**EXERCISE GOAL:**
Beginning with the line of the entries below that holds "Incline women’s petite pants, new, size 2" and ending with the line that holds "Primary Photo - 3610 W Sunnyside Ave", transcribe each line exactly as written. Pictures stay out.

**DATASET RECORDS:**
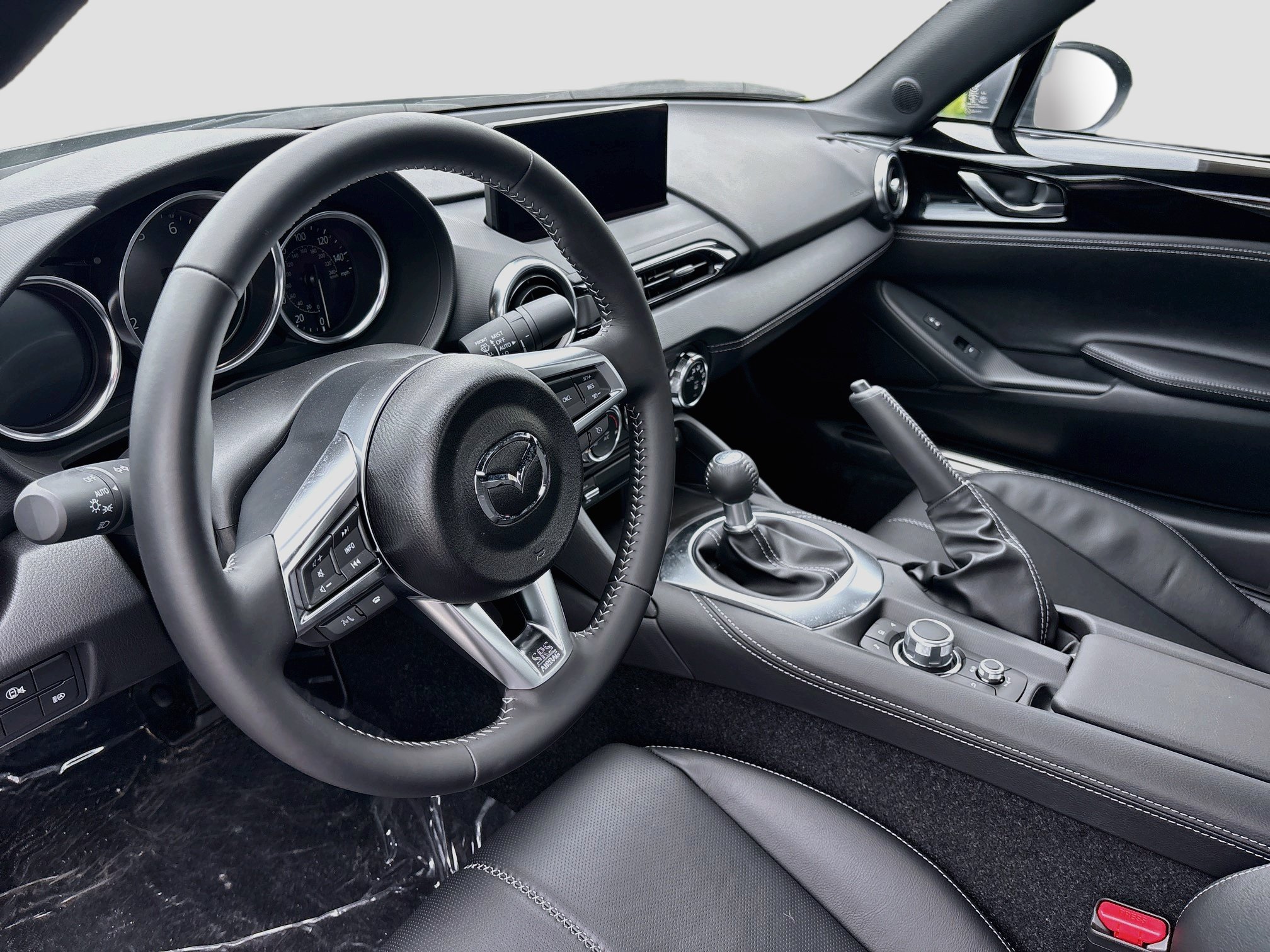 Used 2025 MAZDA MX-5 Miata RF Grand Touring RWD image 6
==
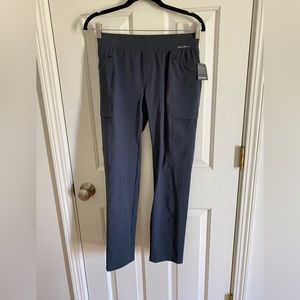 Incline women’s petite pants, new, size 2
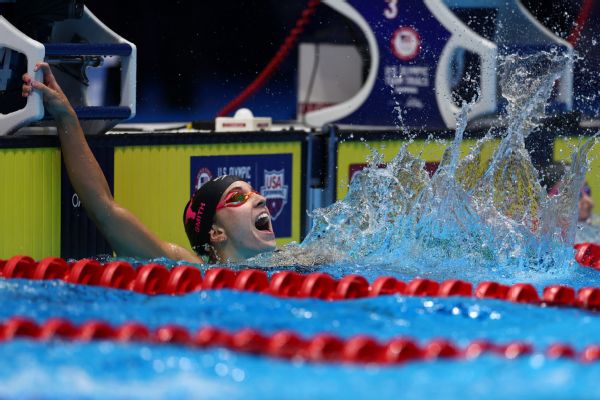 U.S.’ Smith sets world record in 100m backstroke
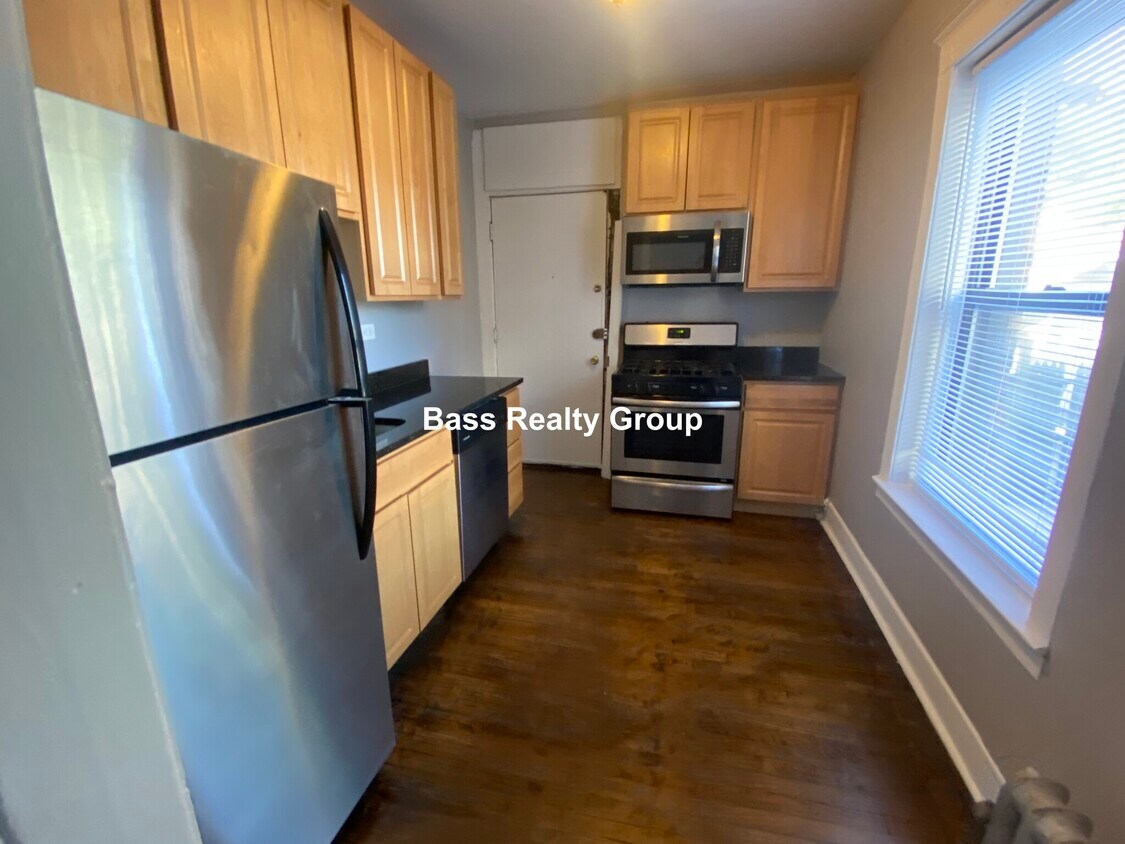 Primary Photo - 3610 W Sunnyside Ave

**SOLUTION TO THIS PROBLEM:**
 Incline women’s petite pants, new, size 2
 U.S.’ Smith sets world record in 100m backstroke
 Primary Photo - 3610 W Sunnyside Ave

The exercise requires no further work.